There is a potentially dangerous argument making the waves into which some Christians have been bought. It goes like this in reference to pre-marital relationships: “If you don’t test a ride, how do you know the smoothness of it?” We advise our readers to beware of such philosophies because applying human philosophies to spiritual truths is very dangerous. Even such a philosophy flies in the face of logic when it comes to trade-ins and repossessions of cars. How fairly can you apply these concepts to marriage? Humans are quite different from cars and marriage is a divine institution. There is nothing like experimental marriage or marriage on test. Marriage is a commitment, more so unconditional. What God says about us is truly what we are. It has got nothing to do with the smoothness of a ride. No one must reduce him- or herself to the level of a machine. As Christians, our primary obligation is to glorify God in our lives. Everything else is a secondary matter and must be treated as such.

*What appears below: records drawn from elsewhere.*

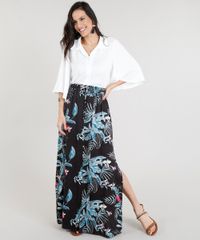 Saia-Longa-Feminina-Estampada-de-Folhagem-com-Fendas-Preta-9309643-Preto_3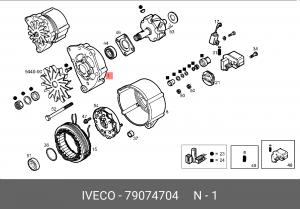 Подшипник со стороны привода, генератор 79074704 IVECO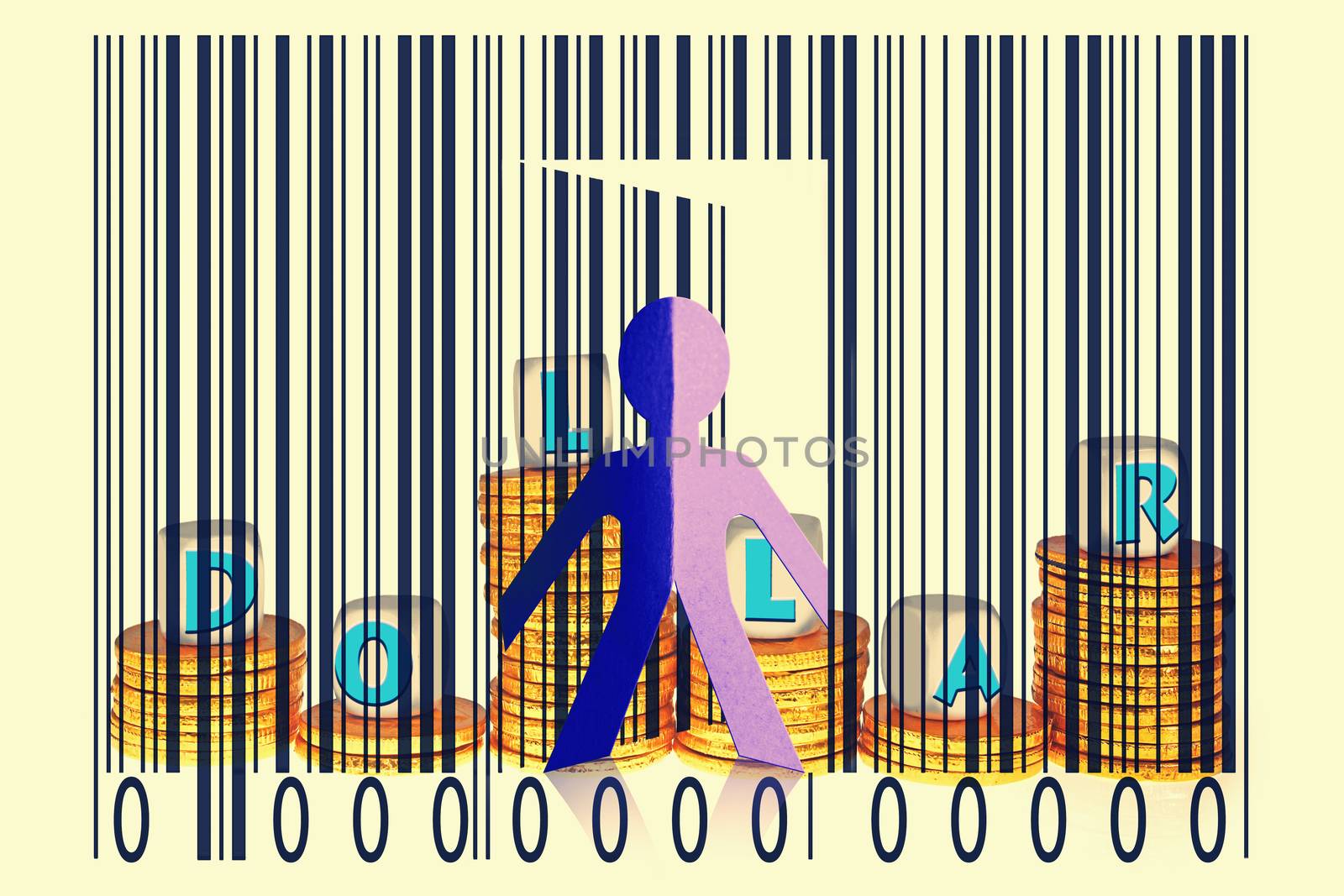 Paperman coming out of a bar code with Dollars word by yands
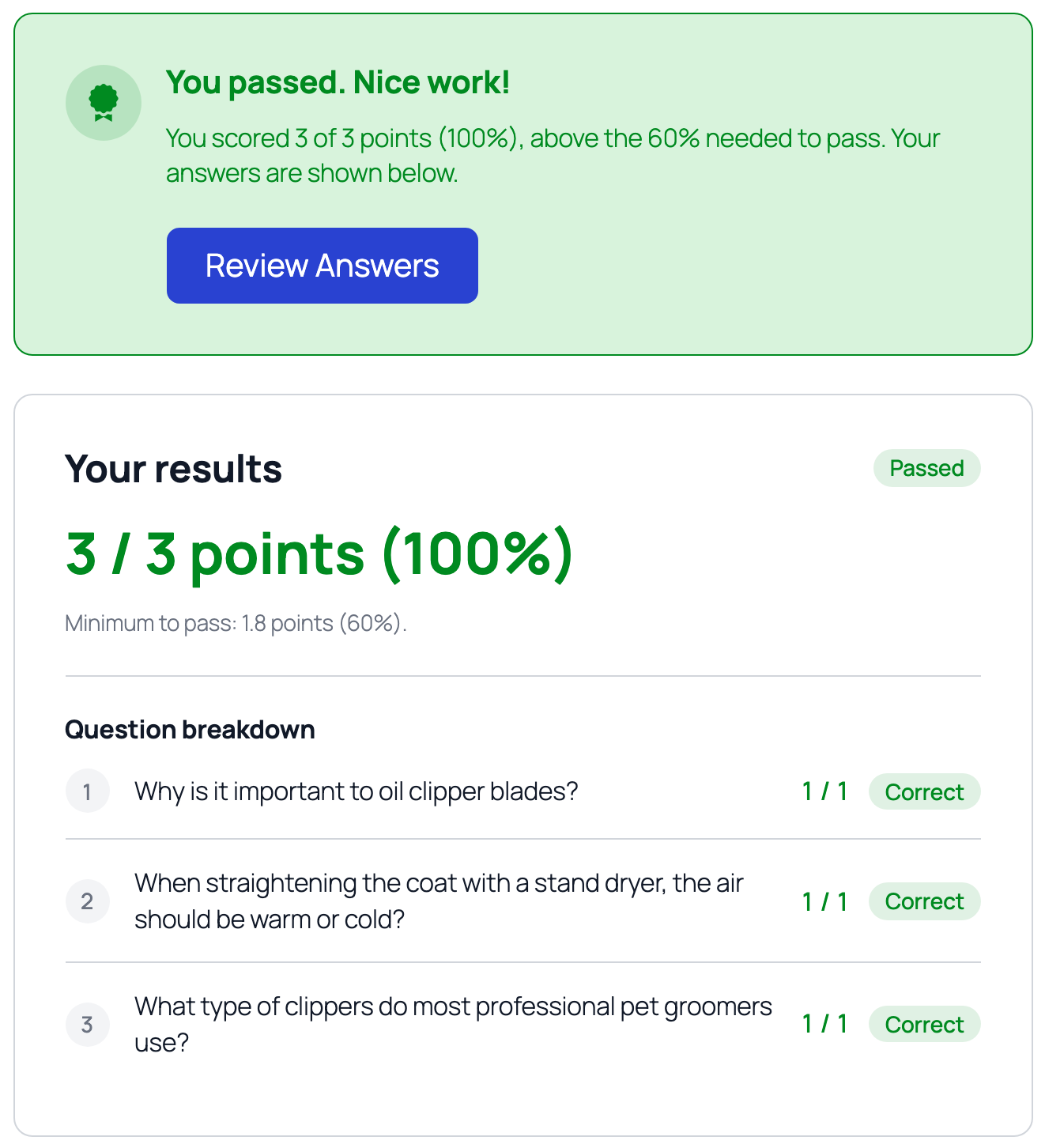 The result view after passing, with a status banner, the score, and a per-question breakdown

  LIE #9:  DECEPTION AT THE ALTAR  

Under this topic, we examine the issue of hypocrisy by Christians at the altar. It flows from sexual involvement when courting. What does it really mean to have a holy matrimony? What symbolism does the unveiling of the bride in holy matrimony convey? This topic tries to address these issues putting them in their correct, biblical, and logical perspectives. This truth will save many lovebirds from the guilty conscience that may haunt them after marriage. We admonish our readers, as best option, to keep their sexual purity all the way to the altar and remain ever faithful to their spouses thereafter.



  LIE #10:  SIGHT OR FAITH? NO EASY GAME  

The Scripture admonishes believers to live by faith not by sight. However, are we able to always resist the conviction of sight as against the abstract foundation of faith? In this piece, we examine how sometimes sight prevents us from walking by faith. We discuss our road to marriage as a typical case study of such a challenge.



  LIE #11: CHANGE YOUR TACTICS  

Under this topic, we explore the benefits of consistency in our worship. We warn against wanton application of the concept of variety in our walk with God. We advocate consistency which is a vital raw material for faithfulness. Faithfulness in worship does not allow for arbitrary changes. If God’s love endures forever, then, He has been very consistent with us. How can we do otherwise? The element of consistency in faithfulness allows God to smoothly roll out His plans for us without having to reschedule or delay them. It is for our own benefit. We remind our readers of the fact that faithfulness to God is the building block of faithfulness to our spouses. We cite our own experiences to buttress this point. We caution couples and would-be couples of the concept of variety in marriage. After one’s choice of a spouse, all alternatives must consciously be put beyond the pale.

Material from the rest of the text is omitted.